Content starts
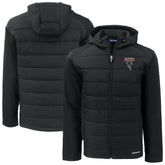 Atlanta Falcons Cutter & Buck Evoke Hybrid Eco Softshell Recycled Full-Zip Hoodie Jacket Black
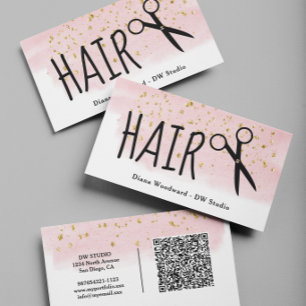Kapsalon Roze Goud QR Code Visitekaartje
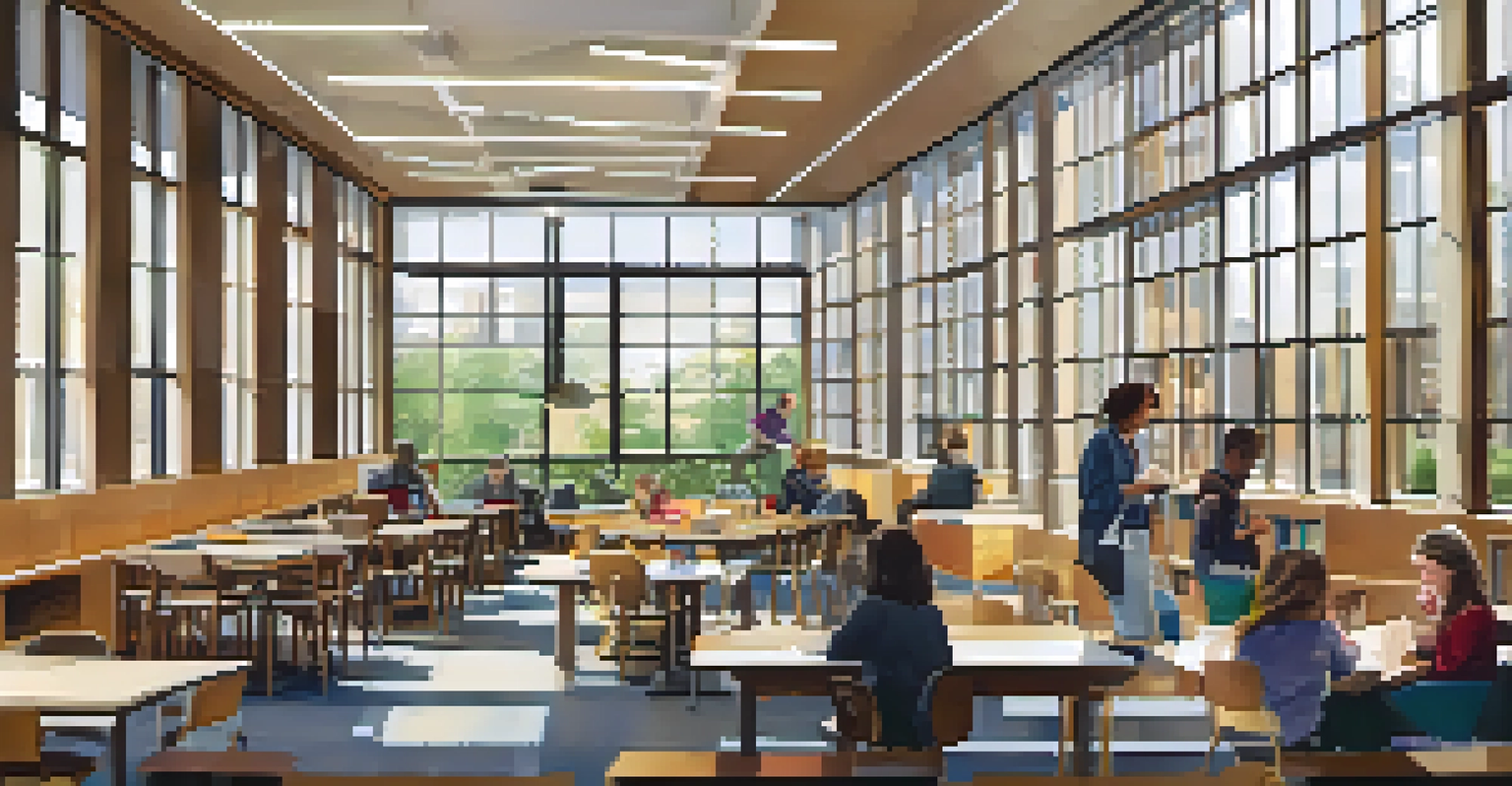 An interior view of the Rochester Public Library, showcasing modern design and patrons engaged in reading and collaboration.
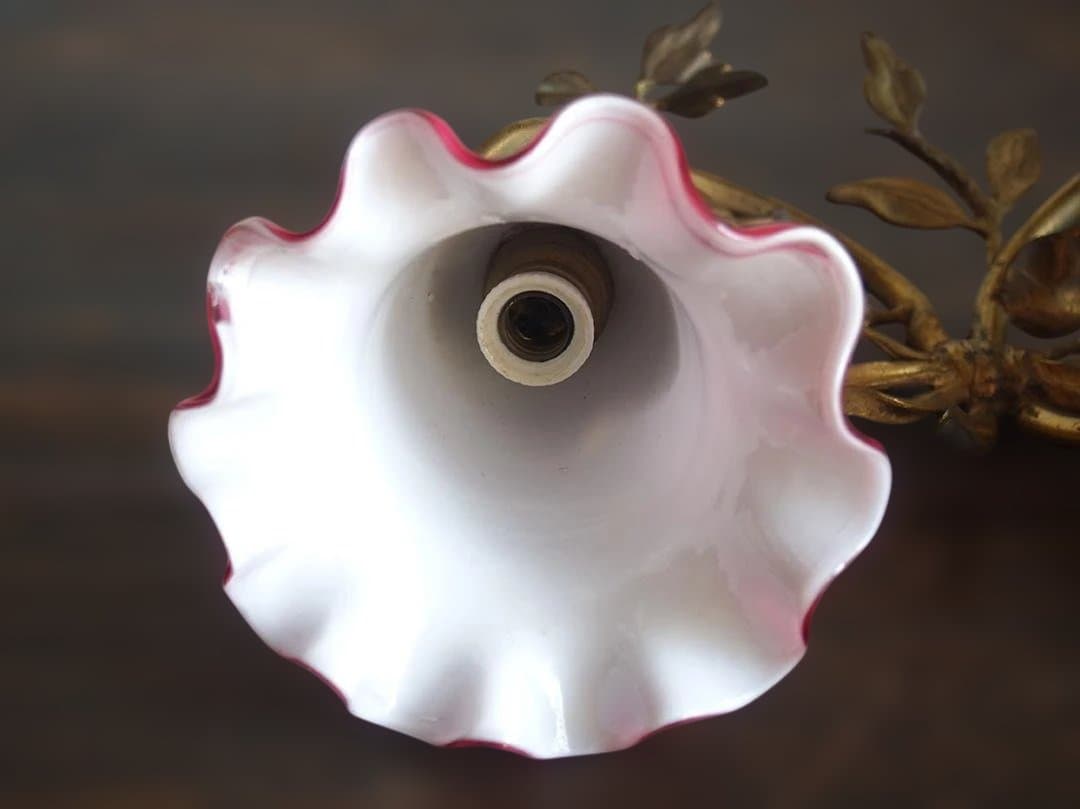 花束のデザイン ピンクのガラスシェード ウォールライト 照明/K313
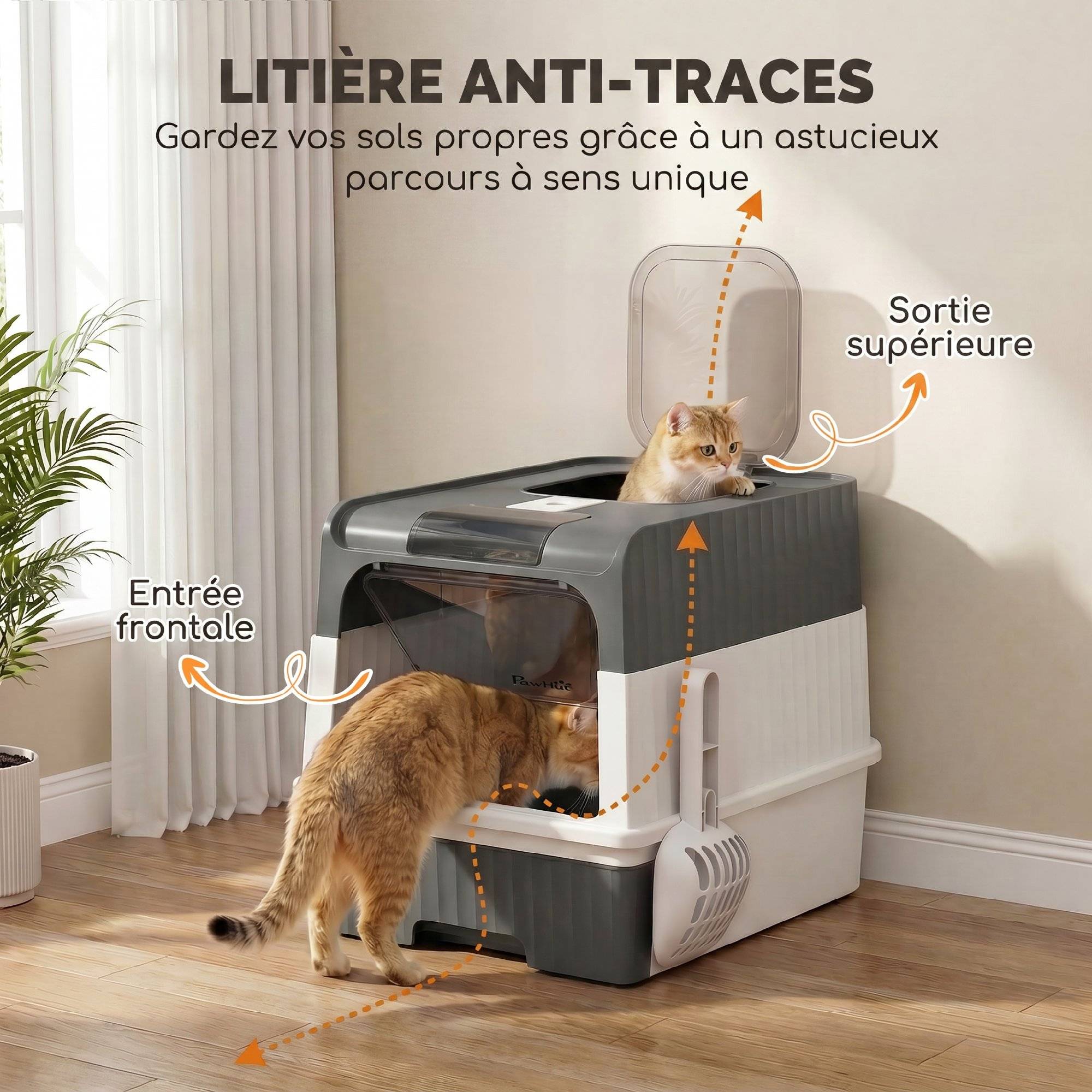 Sans Marque - Maison de Toilette pour Chat avec Couvercle, Entrées, Plateau Coulissant, Pelle, Sachets Désodorisants, 48x35x36cm, Gris - Image 5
Content ends
#### Required action
Type the entries again verbatim. Any pictures should be skipped.

#### Response to this task
 Atlanta Falcons Cutter & Buck Evoke Hybrid Eco Softshell Recycled Full-Zip Hoodie Jacket Black
Kapsalon Roze Goud QR Code Visitekaartje
 An interior view of the Rochester Public Library, showcasing modern design and patrons engaged in reading and collaboration.
 花束のデザイン ピンクのガラスシェード ウォールライト 照明/K313
 Sans Marque - Maison de Toilette pour Chat avec Couvercle, Entrées, Plateau Coulissant, Pelle, Sachets Désodorisants, 48x35x36cm, Gris - Image 5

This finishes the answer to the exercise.